Scrapping the cost caps would mean challenges to infrastructure would be treated like any other legal case but touching the Convention would be by far the most controversial pro-building policy the Government has proposed since winning power last year. It would make the UK an outlier among European nations and could complicate post-Brexit relations with the EU.

The change would certainly make it easier to deliver infrastructure, but it will be a key test of whether the Government has bitten off more than it can chew. The left of the Labour party will likely oppose the policy, given Keir Starmer’s penchant for U-turns there’s a risk that it toxifies the government’s push for planning reform, turning it into another proxy battle between Number 10 and allies of Andy Burnham.

The big questions as we head into the autumn are how far is the government prepared to push to get Britain building? And how much cash is it prepared to put behind this mission? Important details and clarifications will be required when the Chancellor gets her red box out on November 29th. 

Conservatives: Is Anyone Still Listening?  (Manchester 5-8 October 2025)

After more than a year in opposition, the Conservatives arrived in Manchester needing clarity and confidence. Kemi Badenoch delivered her first leader’s speech, assured, policy-heavy and by common consent her best yet. For activists in the hall, it was a moment of renewed optimism.

For the property, energy and regeneration sectors, the focus was on a slate of economic and housing announcements. The headline grabber was Badenoch’s promise to abolish stamp duty entirely on primary residences, a policy pitched as unlocking home ownership for millions. Conservatives' stats that the £9bn annual cost by the end of the decade would be met through £47bn of savings from welfare reform, civil service cuts and reductions in overseas aid.

Alongside this came a commitment to abolish business rates for most shops and pubs. A striking offer for high streets under pressure.
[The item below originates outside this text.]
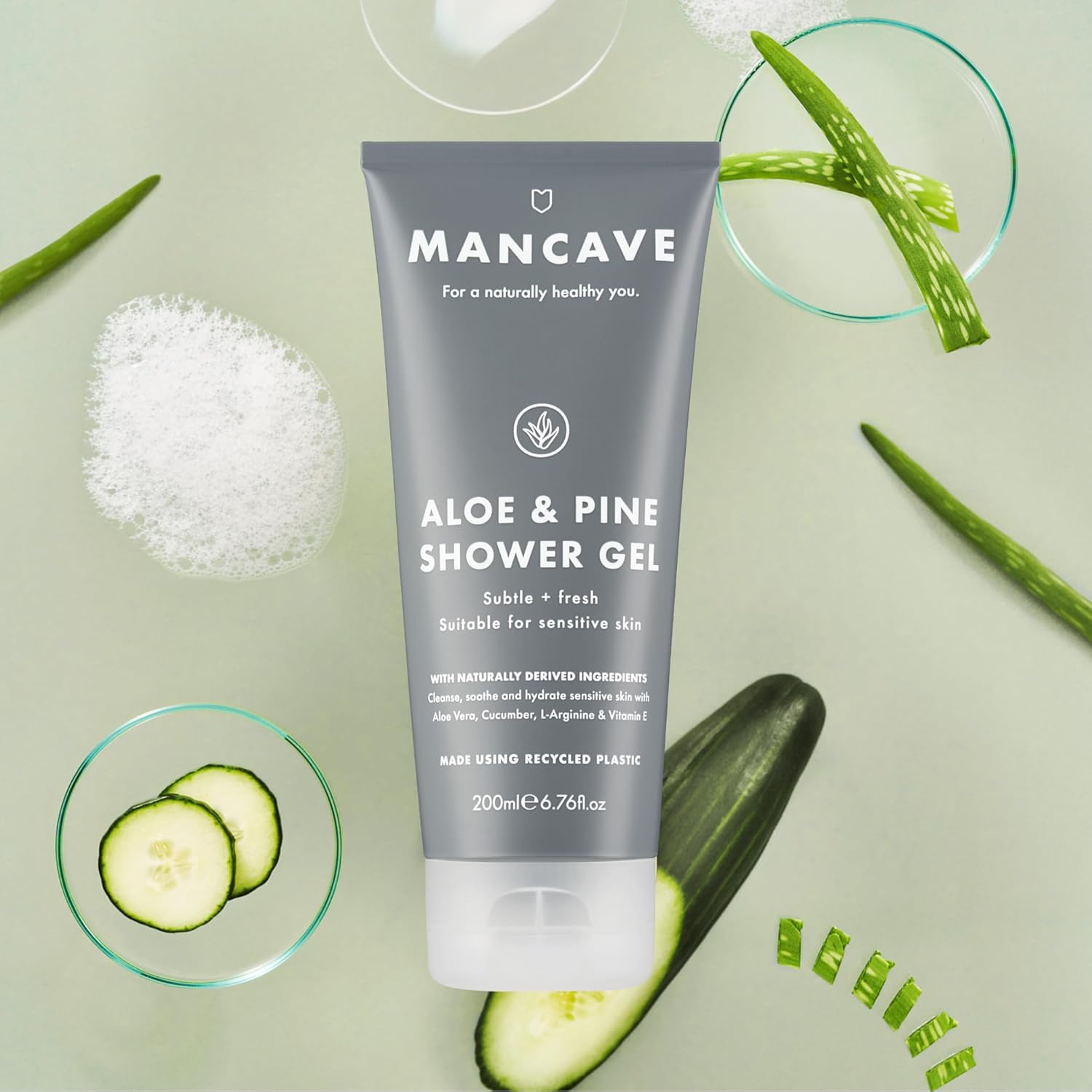 ManCave Sensitive Skin & Body Gift Set, Face Wash, Moisturiser, Shower Gel, Dermatologically Tested, Natural Formulations, Ideal for Travel, Vegan, Made in England, Packaging May Vary : Amazon.co.uk: Beauty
On energy, Badenoch confirmed what had been trailed going into conference: the party intends to scrap Net Zero targets and repeal the Climate Change Act, arguing that the costs are unsustainable. Saving the average household £165 a year. It’s a dramatic break with the previous Cameron consensus and one that will reverberate through energy investment and planning decisions.
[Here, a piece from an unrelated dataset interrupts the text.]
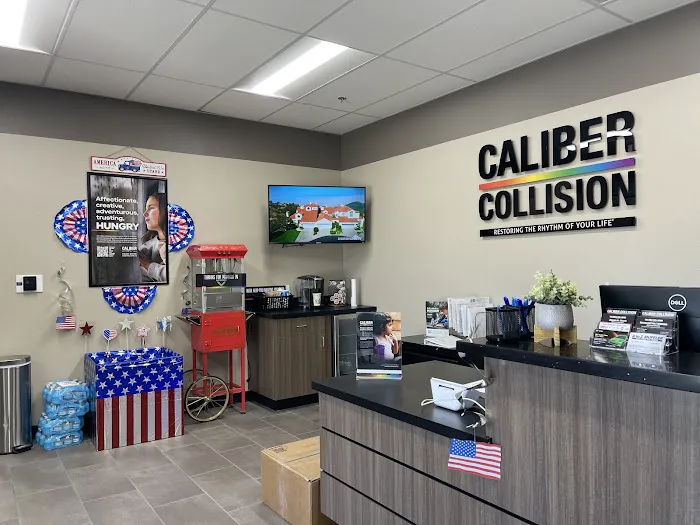 Caliber Collision 8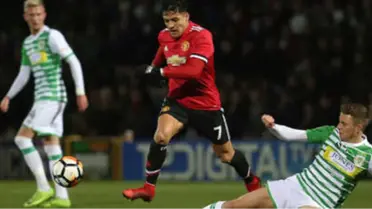 Manchester United Farklı Kazandı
And on regeneration, while less prominent than in Labour’s conference in September, the Conservatives framed themselves as the party of fiscal discipline. Badenoch set out her “golden economic rule”: half of all identified savings for tax cuts, half for deficit reduction. The message was responsibility first, opportunity second. A deliberate contrast with both Labour and Reform’s spending plans and the short-lived Truss experiment.

Two real questions remain. One is trust. The speech electrified the party faithful, but outside the hall voters may ask why these ideas were not delivered during the Conservatives’ 14 years in power. And whether, if returned to government, they could credibly deliver them. The second, is anyone still listening? After a solemn year of no meaningful policy announcements, mounting defections to reform on their right and a powerful Lib Dem ground force on their left, the Conservatives may not have anyone left to talk to.
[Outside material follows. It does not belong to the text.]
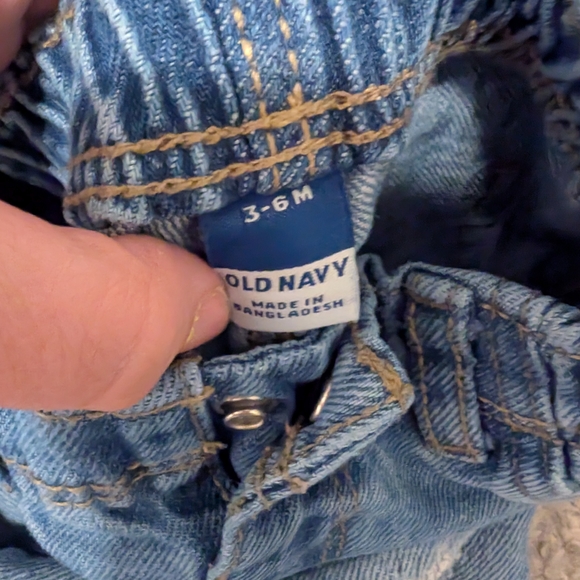 3 For $12 Old Navy Light Blue Kids Jeans - Picture 5 of 6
This was undoubtedly Kemi Badenoch’s best few days as party leader, making it clear that she has a direction and a sense of where she is going - with the party seemingly united behind their leader. However, with next May’s elections looming, history offers a note of caution: the Conservative Party has rarely struggled to find a knife for its own leader when the mood shifts.

For the housing, energy and regeneration sectors, the message is clear: the Conservatives are not backing down from the fight, with eye-catching promises that could reshape markets if enacted. But until the polls move, it remains an open question whether the public is listening or cares.